▶ **What is expected**
Write out exactly the lines running from the one with "Witgouden hanger met diamanten en saffieren" to the end of the data, including both of those lines and excluding pictures.

▶ **Brief descriptive captions**
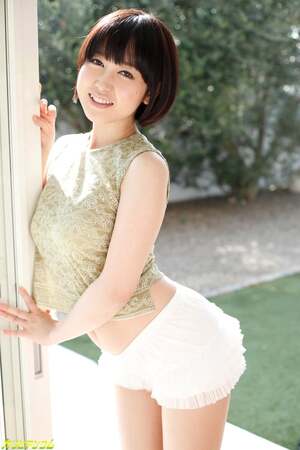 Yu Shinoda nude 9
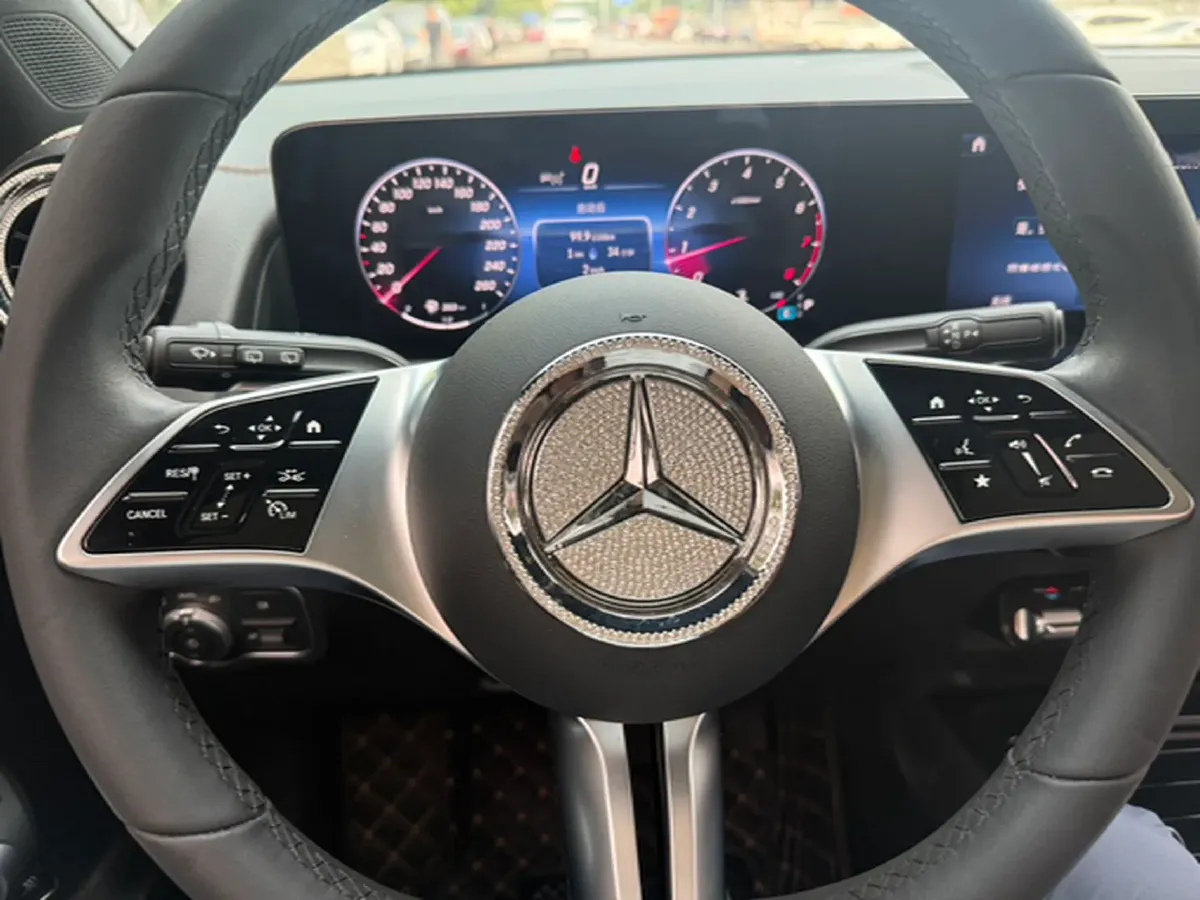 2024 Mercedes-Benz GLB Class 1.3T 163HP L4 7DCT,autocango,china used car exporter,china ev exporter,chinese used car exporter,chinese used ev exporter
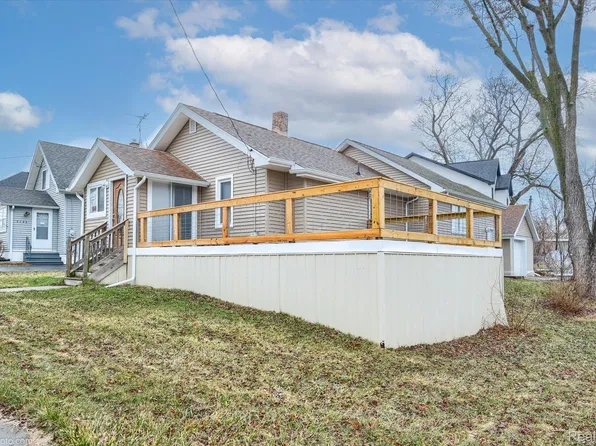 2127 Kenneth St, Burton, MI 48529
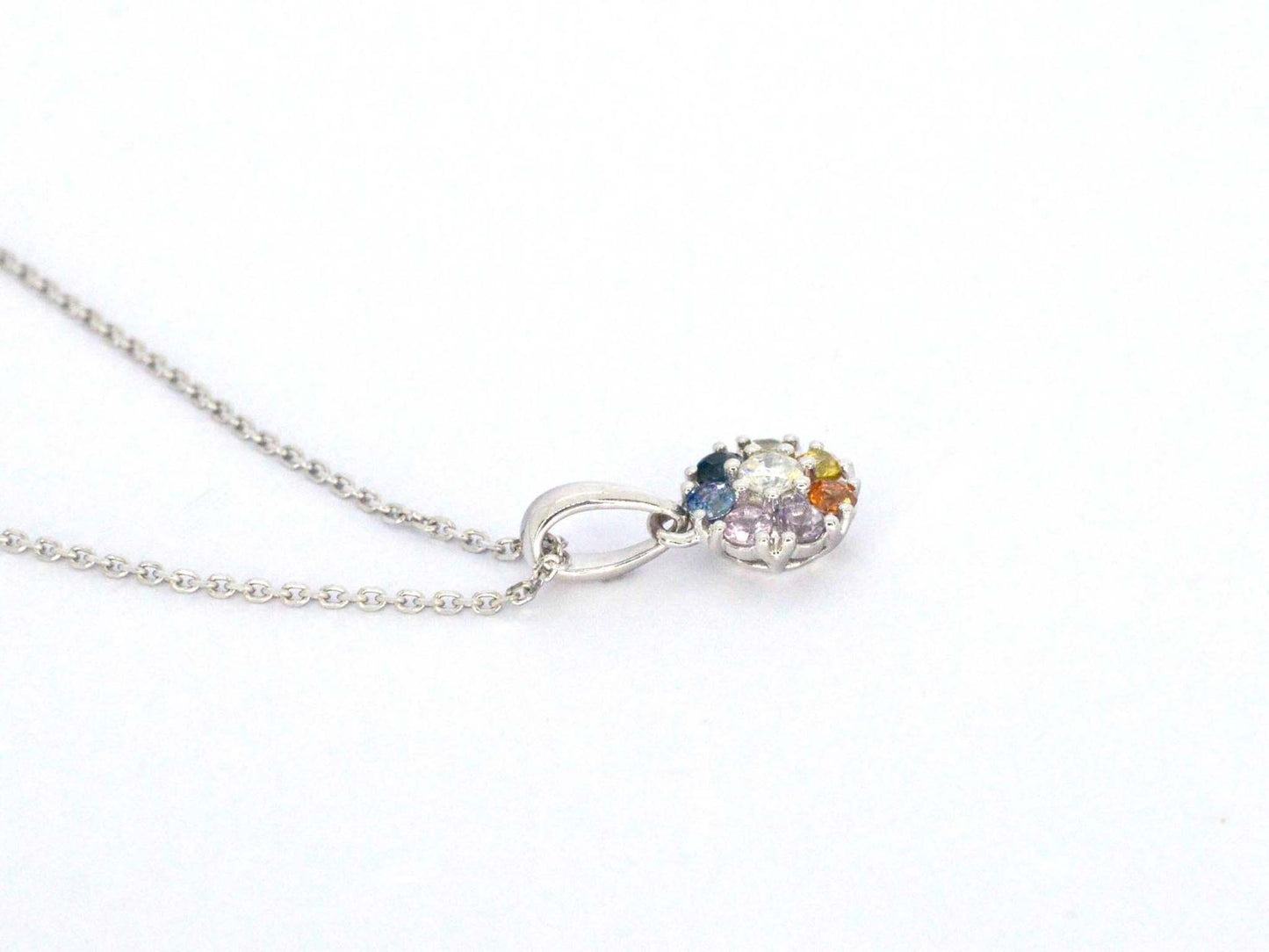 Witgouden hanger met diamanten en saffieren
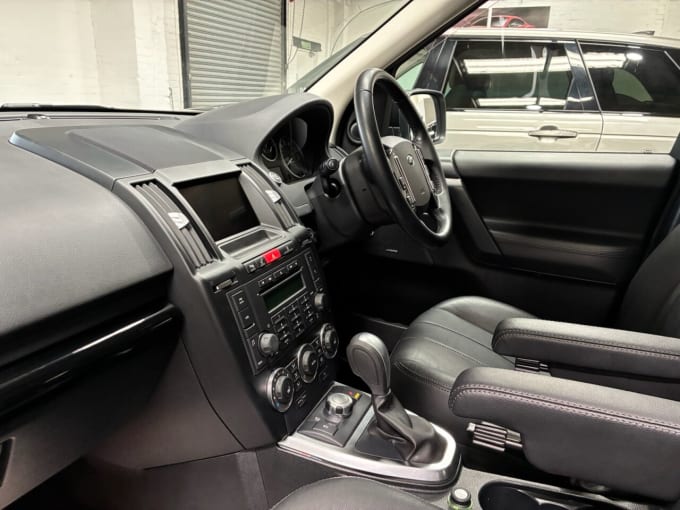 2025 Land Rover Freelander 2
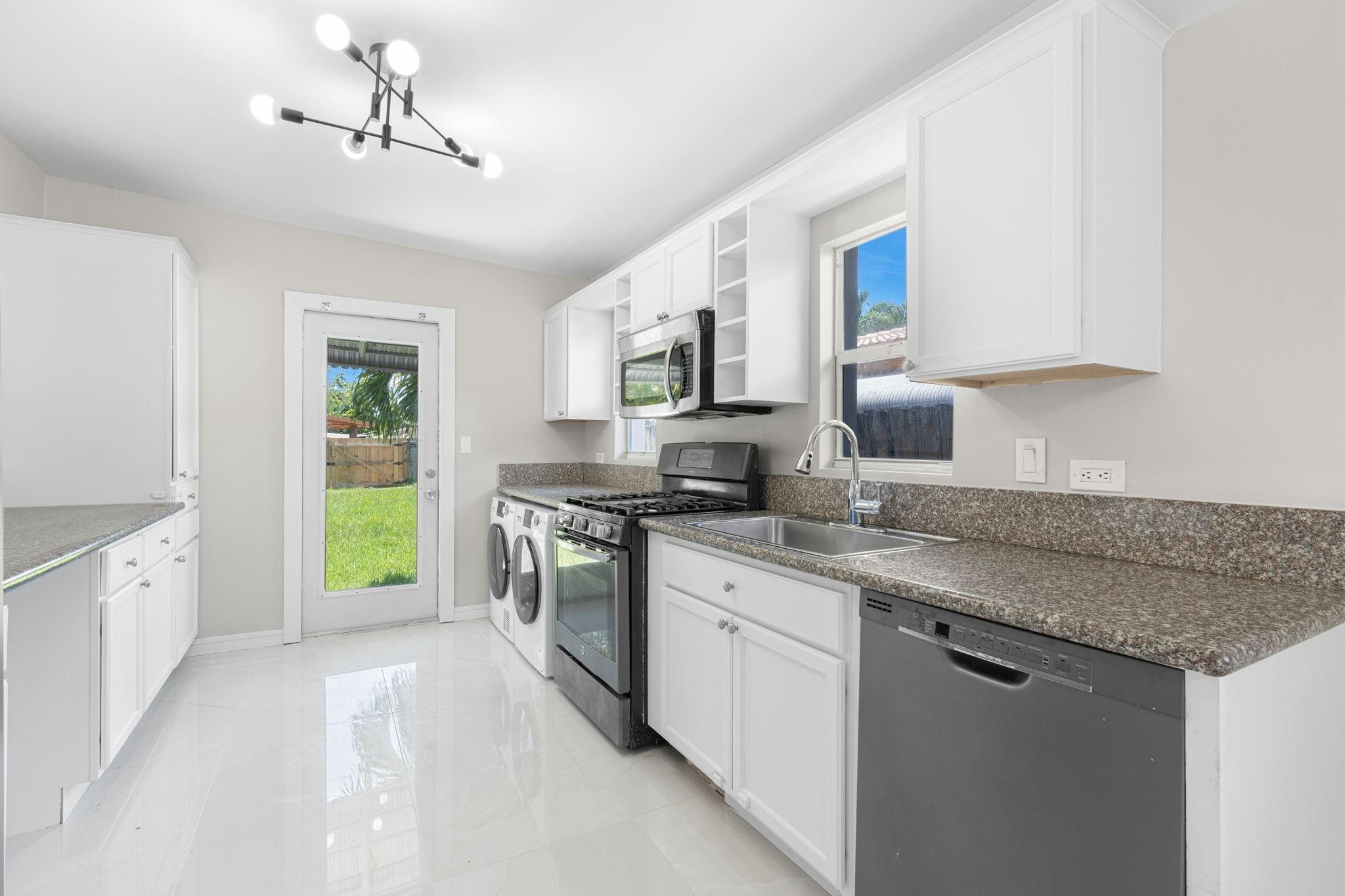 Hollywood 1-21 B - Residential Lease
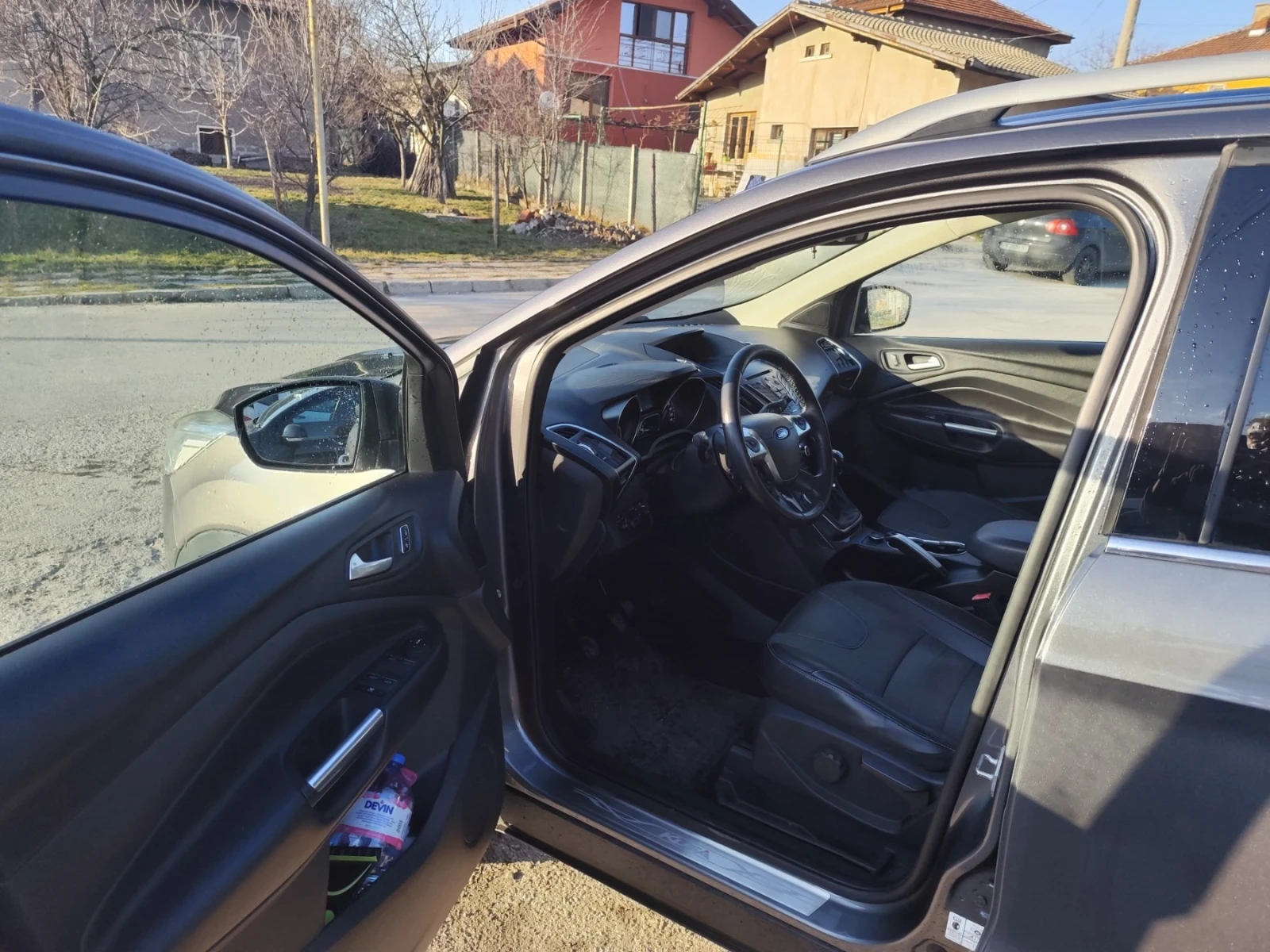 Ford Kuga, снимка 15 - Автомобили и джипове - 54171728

▶ **Solution to this problem**
 Witgouden hanger met diamanten en saffieren
 2025 Land Rover Freelander 2
 Hollywood 1-21 B - Residential Lease
 Ford Kuga, снимка 15 - Автомобили и джипове - 54171728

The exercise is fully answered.